On A side note though, I have stopped providing heaters for my customers, a builder here burnt down a 2 million dollar house with a 220 electric heater 2 days before I was to start boarding it. lucky it was his heater and not mine, but this did get me to thinking. If I had lent or rented him that heater the insurance company would have been after me for liability, 
My sollution, they supply the heat, and I suggest they have the electrician wire it up as soon as the lids are boarded.


----------



## raven2006 (Dec 19, 2006)

It says right on the box of mud the min temperature that is needed. Circle this and place it next to a giant thermometer in the house..


----------



## Preacher17 (Sep 1, 2008)

Adam in BC said:


> Hey AARC , No heat no work is right ! If your mud freezes hard before it dries things go from bad to worse in a hurry. the mud turns so soft that it is almost imposible to sand, not to mention it doesnt shrink in untill the next summer.
> 
> On A side note though, I have stopped providing heaters for my customers, a builder here burnt down a 2 million dollar house with a 220 electric heater 2 days before I was to start boarding it. lucky it was his heater and not mine, but this did get me to thinking. If I had lent or rented him that heater the insurance company would have been after me for liability,
> My sollution, they supply the heat, and I suggest they have the electrician wire it up as soon as the lids are boarded.
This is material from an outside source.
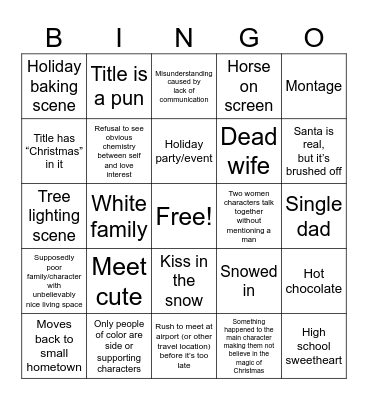 Christmas Movie Bingo Card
Are you for real? We have always supplied our own heat we just get the electrician to put in a dryer plug (220) so we can bring our heater.... I will have to look at liability insurance seeing its our heater..... Thanks



raven2006 said:


> It says right on the box of mud the min temperature that is needed. Circle this and place it next to a giant thermometer in the house..


Thanks Raven I have never actuall looked at or read the boxes of mud...


----------